I would like to pick up where I left off in last week’s post.  I concluded with the following musings:

I do wonder how much a shift in group identity could begin to address some of our reticence to do good in the world.  What if we saw ourselves as part of the poor and marginalized group?  What if a threat to those who are vulnerable was perceived to be a threat to ourselves?  I hope to get back to this idea in another post.  For now, I’ll suggest that as the body of Christ, this may be the most natural identity for us to assume.

None of these ideas are particularly new. The ELCA’s HIV and AIDS strategy affirms that the body of Christ has AIDS (as did the World Council of Churches before us).  Stephen Bouman (director of Evangelical Outreach and Congregational Mission at ELCA churchwide) co- authored a brilliant book, They Are Us (please look past the grammatically frightful title), in which he explores the many ways that immigrant stories are our own.  Martin Buber’s I and Thou (written in 1923!) essentially gets at the same idea, just with different language.

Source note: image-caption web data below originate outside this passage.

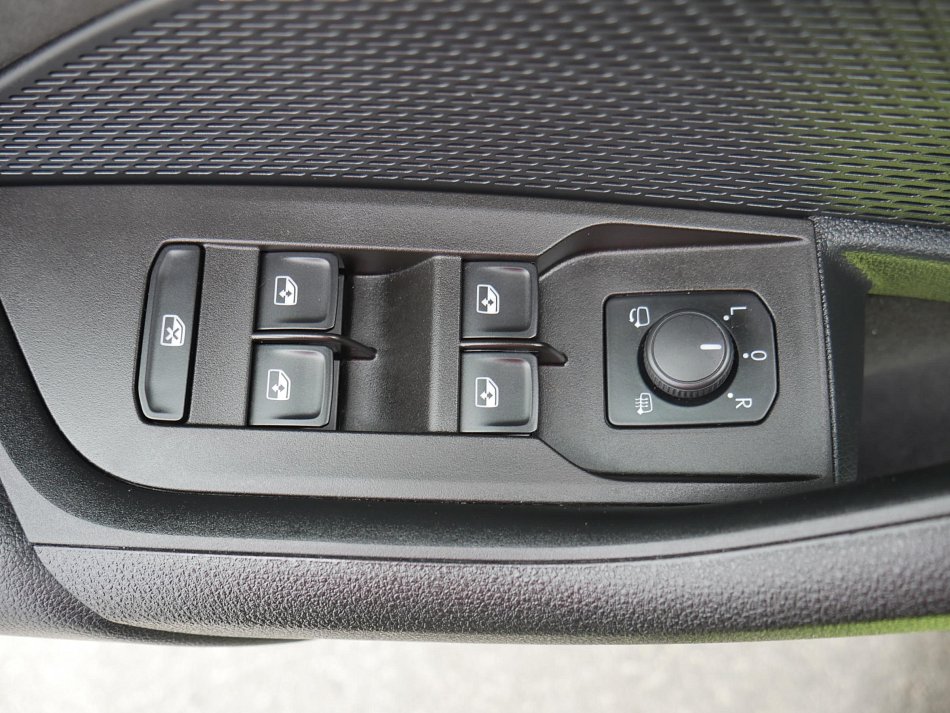 Škoda Octavia IV 2.0TSi RS Challange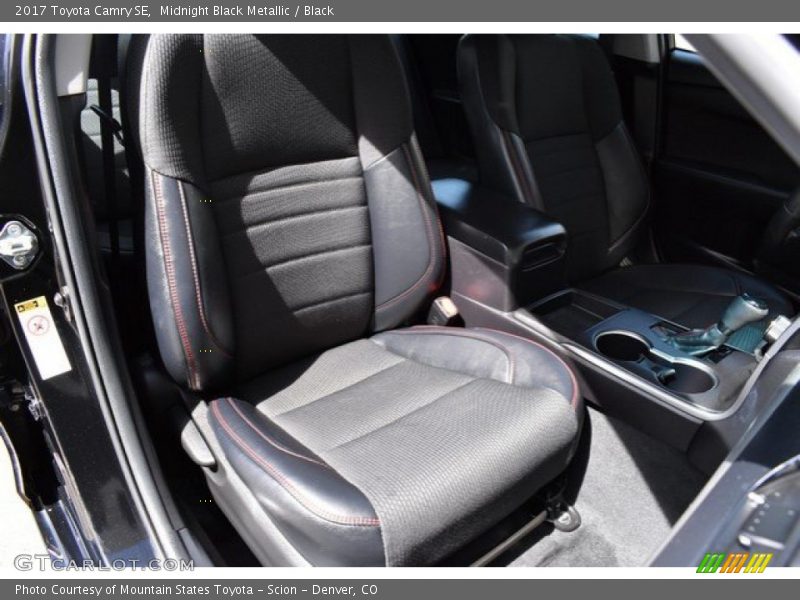 Midnight Black Metallic / Black 2017 Toyota Camry SE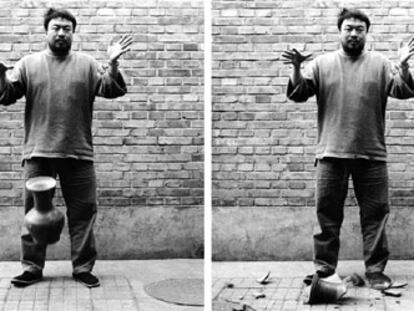 <i>Tirando al suelo una urna de la dinastía Han</i> (1995), serie de tres fotografías de una acción de Ai Weiwei.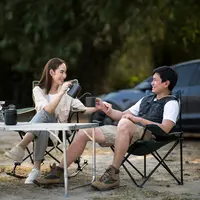 Traveling Lebih Bijak: Ketika Liburan Selaras dengan Green Living./Copyright depositphotos.com/bongkarngraphic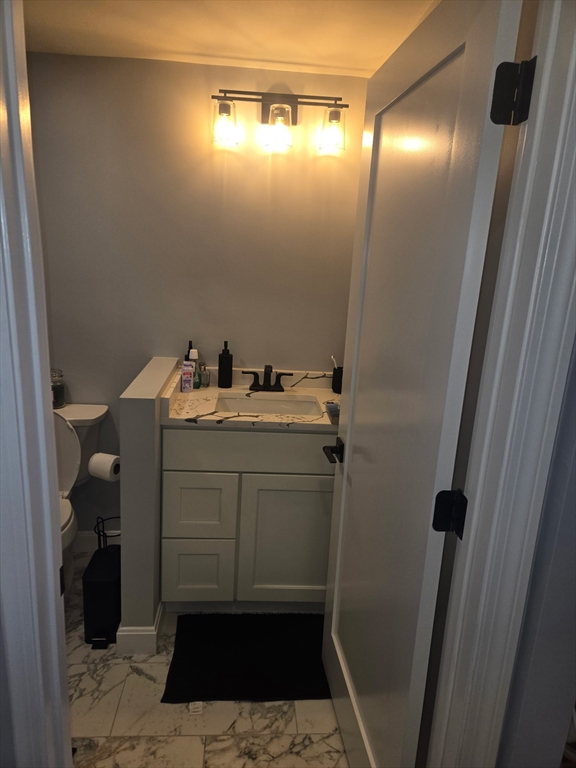 47 Massasoit Avenue, Unit B Hull, MA 02045 - Photo 4 of 12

From a biblical perspective, as Kris pointed out, Paul redraws kinship lines (see also the early Christian language of “family”).  (Sadly the fictive kin language is also used to divide–see Galatians.)  The “body” language Paul uses suggests that as one body, when one part suffers, the whole suffers (see esp. 1 Corinthians 12:26; perhaps also Philippians 2:4-10 applies here?).  Much could be made of how we as the body of Christ are wounded as he was (and is) by the evils in the world (I think I will have to reflect on this in a further post).

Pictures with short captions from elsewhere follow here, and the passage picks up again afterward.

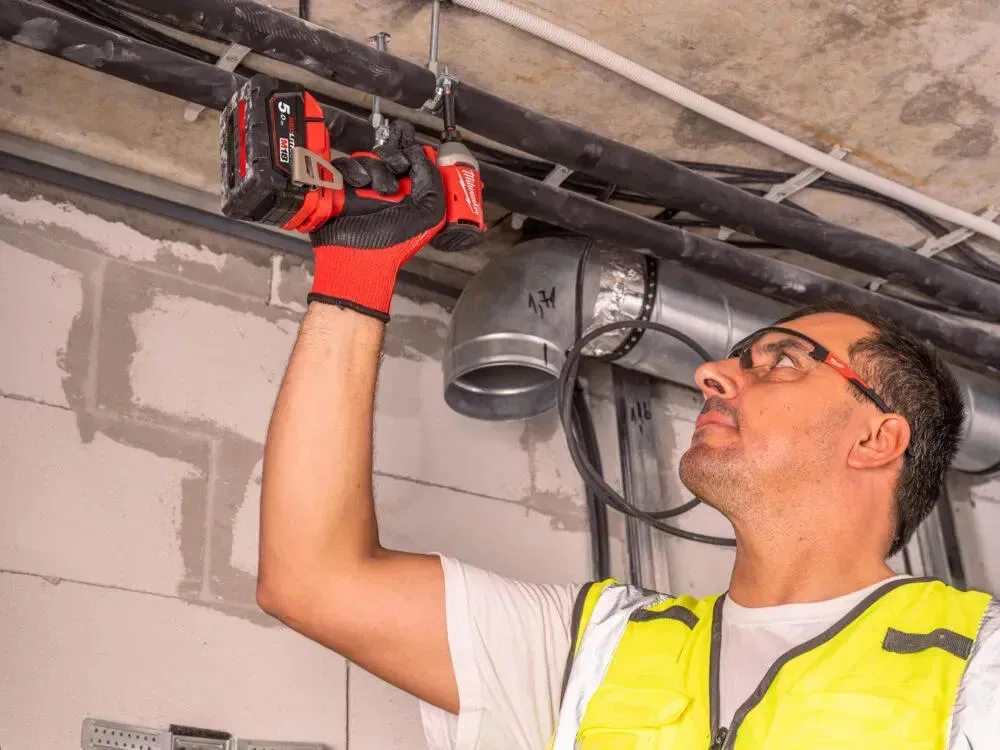 Аккумуляторный ударный винт Milwaukee M18 BLIDRC-402C 18В с АКБ 2х4А·час, моментом 190Нм и скоростью 0-3600 об/мин, в комплекте с зарядным устройством M12-18C и кейсом
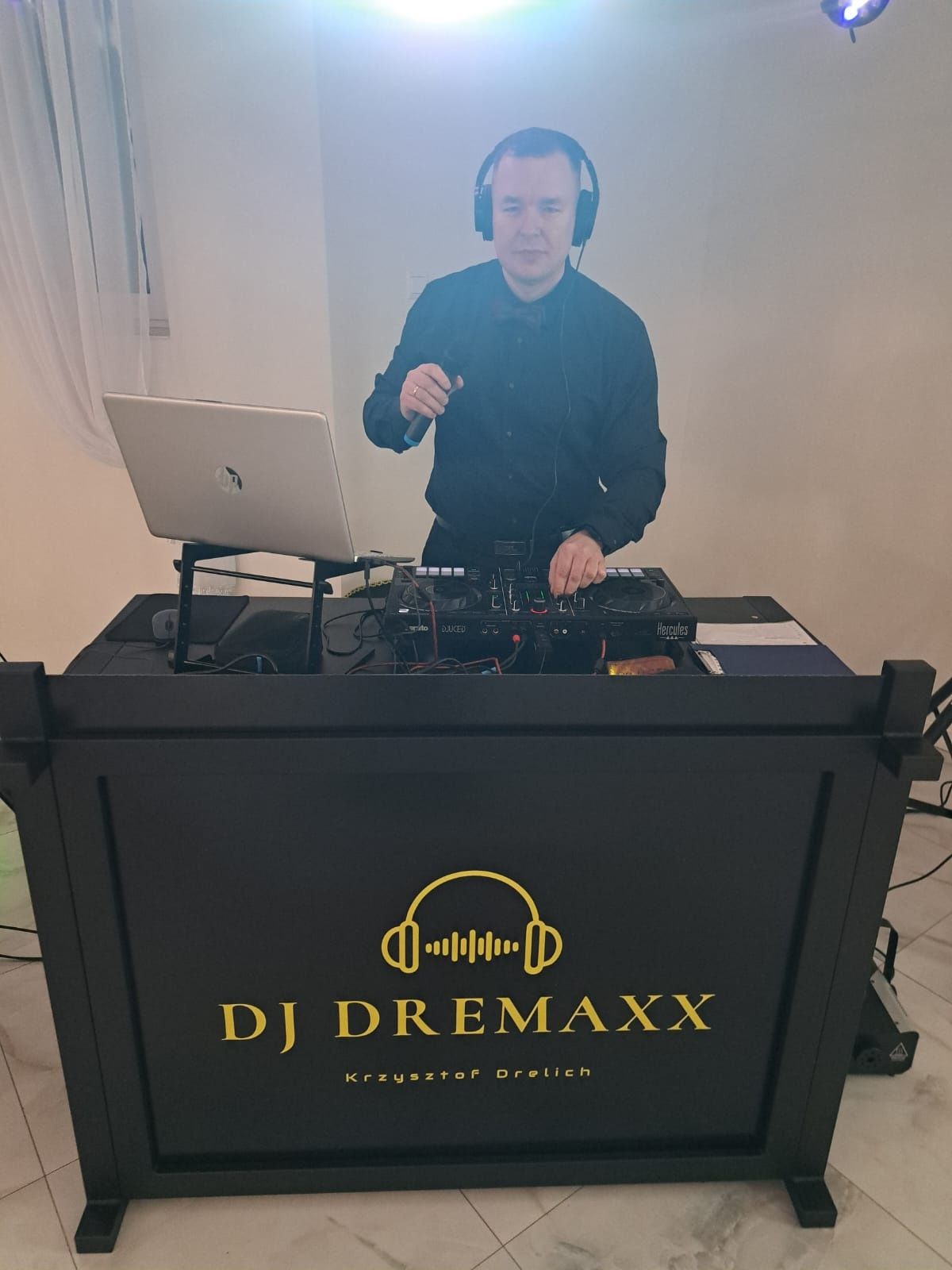 Dj, na 18-tki, 40-tki, i inne imprezy okolicznościowe.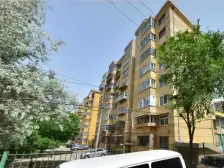 东岗地铁口 黄河沿小区 2室 南北通透 精装修 44万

Jesus too redefined the family (see Mark 3:31-35).  Jesus also practiced table fellowship with those who were otherwise considered outsiders; that table fellowship was a clear sign of friendship.  And Jesus to the end brought the “other” into the fold (see this week’s text, Luke 23:39-43!).

The biblical text then offers considerable support the idea that we are those who are poor, vulnerable, and marginalized (and perhaps I have overlooked other key texts–please share them in the comments).  Is this enough to affirm that they indeed are we?  More posts to come!